The decision to halt the shipment was followed by Defense Secretary Lloyd Austin’s remarks that the United States will review “near-term security assistance” to Israel in light of developments in Rafah. And then Biden’s CNN interview focused on Rafah. They directly linked a policy revision to a potential Israeli attack on Rafah.
It is worthwhile, therefore, delving into how the U.S. approach to Rafah contrasts starkly to Israel’s. Netanyahu, with extra pathos and sanctimony, portrayed Rafah as Stalingrad in 1942-1943 or the Battle of the Bulge in 1944-1945. The be-all and and-all of “total victory,” and the eradication of Hamas.
By accusing Biden of stopping Israel on the precipice of victory, Netanyahu is purposely implying that the president is preventing Israel from toppling Hamas. That was his aim since October: to project failure on either or both the Israel Defense Forces and the United States.
The American evolution of thought on Rafah is more subtle and linked to reality. It began with a simple question back in October: If Rafah is Hamas’ military center of gravity, along the 14-kilometer-long (8 mile) Philadelphi route stretching from Rafah in the southeast to the Mediterranean in the northwest, then why didn’t Israel begin the campaign in the south instead of invading northern Gaza and Gaza City? A three-star Marine general dispatched to advise Israel asked that specific question as early as October. Defense Secretary Austin asked that question again a few weeks later.

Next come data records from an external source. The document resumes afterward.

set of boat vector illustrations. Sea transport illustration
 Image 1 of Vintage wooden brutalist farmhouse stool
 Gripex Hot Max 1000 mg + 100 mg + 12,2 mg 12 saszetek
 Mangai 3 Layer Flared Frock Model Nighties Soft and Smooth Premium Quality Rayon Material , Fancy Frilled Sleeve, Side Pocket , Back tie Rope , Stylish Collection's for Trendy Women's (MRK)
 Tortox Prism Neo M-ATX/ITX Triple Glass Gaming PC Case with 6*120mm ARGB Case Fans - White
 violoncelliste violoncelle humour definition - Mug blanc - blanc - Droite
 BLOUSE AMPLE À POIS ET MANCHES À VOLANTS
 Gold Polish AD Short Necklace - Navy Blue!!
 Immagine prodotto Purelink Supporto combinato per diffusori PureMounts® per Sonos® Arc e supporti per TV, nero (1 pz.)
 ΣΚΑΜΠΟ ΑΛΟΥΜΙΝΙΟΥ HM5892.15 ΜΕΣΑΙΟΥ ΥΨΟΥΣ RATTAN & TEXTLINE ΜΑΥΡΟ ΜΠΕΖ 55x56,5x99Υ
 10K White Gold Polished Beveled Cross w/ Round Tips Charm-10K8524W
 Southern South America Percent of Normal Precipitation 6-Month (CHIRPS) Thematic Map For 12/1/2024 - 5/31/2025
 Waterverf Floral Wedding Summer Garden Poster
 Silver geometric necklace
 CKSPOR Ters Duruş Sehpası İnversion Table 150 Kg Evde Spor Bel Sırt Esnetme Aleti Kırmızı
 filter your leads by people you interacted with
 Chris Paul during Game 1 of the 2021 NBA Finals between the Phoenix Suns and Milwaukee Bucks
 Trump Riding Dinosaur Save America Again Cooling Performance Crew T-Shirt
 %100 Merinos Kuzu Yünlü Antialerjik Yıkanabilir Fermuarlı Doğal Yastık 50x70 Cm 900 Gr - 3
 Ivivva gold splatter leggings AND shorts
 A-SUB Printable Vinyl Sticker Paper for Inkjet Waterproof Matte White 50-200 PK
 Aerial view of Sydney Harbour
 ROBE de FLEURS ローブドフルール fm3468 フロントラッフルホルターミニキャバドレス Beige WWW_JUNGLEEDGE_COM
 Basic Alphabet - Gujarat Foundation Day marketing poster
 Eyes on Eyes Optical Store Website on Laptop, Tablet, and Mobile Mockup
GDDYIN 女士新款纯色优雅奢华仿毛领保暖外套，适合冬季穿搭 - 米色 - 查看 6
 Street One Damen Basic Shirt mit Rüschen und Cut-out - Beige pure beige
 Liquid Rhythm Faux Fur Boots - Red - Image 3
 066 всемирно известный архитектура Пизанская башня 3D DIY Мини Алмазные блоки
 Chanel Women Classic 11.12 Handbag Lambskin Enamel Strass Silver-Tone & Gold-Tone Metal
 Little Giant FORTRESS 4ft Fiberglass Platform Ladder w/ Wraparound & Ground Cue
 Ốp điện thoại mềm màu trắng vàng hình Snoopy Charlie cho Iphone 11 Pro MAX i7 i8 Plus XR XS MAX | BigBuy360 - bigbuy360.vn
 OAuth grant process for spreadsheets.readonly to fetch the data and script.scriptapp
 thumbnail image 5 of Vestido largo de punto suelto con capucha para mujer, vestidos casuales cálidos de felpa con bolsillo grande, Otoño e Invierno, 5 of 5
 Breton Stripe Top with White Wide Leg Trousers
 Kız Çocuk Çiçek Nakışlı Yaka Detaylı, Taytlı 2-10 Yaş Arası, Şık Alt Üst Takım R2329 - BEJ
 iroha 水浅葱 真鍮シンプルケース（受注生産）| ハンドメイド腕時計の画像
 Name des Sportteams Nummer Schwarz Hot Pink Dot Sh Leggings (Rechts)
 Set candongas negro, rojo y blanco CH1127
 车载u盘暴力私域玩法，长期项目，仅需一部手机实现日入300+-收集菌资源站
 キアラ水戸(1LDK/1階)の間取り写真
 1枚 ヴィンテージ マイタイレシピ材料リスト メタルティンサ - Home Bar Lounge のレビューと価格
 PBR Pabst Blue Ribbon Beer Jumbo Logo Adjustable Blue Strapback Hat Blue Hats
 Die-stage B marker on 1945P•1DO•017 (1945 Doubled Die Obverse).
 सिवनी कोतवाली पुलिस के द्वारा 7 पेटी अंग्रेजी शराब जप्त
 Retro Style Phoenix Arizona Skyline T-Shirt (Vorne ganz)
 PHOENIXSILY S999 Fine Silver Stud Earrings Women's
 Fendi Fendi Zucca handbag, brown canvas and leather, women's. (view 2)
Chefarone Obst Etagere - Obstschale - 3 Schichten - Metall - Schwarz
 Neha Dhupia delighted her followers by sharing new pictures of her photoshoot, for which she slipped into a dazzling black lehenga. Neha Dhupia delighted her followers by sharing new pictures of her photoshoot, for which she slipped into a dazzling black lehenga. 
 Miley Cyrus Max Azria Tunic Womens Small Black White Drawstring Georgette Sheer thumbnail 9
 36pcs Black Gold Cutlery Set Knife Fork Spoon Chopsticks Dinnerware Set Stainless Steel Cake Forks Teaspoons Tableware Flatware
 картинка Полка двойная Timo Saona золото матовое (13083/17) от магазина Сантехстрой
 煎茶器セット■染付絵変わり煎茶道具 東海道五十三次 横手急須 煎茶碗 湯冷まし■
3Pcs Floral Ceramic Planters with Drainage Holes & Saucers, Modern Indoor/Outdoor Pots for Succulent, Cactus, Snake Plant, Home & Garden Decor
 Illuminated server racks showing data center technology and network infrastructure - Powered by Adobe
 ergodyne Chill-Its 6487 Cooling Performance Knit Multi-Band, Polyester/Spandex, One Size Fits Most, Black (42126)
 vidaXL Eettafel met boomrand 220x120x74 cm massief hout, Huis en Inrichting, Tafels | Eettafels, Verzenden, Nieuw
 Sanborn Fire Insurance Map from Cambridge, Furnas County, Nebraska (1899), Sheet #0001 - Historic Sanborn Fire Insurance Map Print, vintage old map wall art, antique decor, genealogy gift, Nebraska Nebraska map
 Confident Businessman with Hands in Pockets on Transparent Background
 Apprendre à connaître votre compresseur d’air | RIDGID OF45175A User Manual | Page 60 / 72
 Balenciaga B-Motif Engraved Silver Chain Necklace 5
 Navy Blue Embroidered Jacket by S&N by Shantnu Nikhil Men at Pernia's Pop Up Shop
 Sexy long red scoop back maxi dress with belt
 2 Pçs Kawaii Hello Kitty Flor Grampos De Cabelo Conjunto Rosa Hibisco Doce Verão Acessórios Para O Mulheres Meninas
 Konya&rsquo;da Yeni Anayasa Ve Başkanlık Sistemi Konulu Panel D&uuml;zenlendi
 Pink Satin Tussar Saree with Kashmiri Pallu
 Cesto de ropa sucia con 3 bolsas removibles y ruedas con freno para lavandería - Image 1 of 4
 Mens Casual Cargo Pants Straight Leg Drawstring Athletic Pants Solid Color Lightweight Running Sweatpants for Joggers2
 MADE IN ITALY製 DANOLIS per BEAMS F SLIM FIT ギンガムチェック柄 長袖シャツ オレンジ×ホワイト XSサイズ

As the invasion of northern Gaza progressed, with thousands of civilian deaths and widespread destruction, accompanied inevitably by a humanitarian crisis, the United States began to question whether Israel might do the same in Rafah. The Americans didn’t object to surgical, intelligence-driven, smaller operations, but cautioned Israel again and again regarding a large-scale operation.
In the past few weeks, that warning was magnified as negotiations over a hostage deal seemed to progress. But then Netanyahu came up with a logical fallacy, declaring that “an operation in Rafah will be launched with or without a cease-fire.” That seemed to be too much for the Biden administration.
The main criticism the United States has of Israel’s prosecution of the war isn’t the civilian casualties or the devastation, but the total lack of clearly defined, coherent and attainable political goals. The path to toppling Hamas is diplomatic, not an onslaught on Rafah – however justified and sensible it may seem to military planners.
With his decision to condition arms shipments subject to Israel’s Rafah policy, Biden is sending a clear and unequivocal message: enough is enough.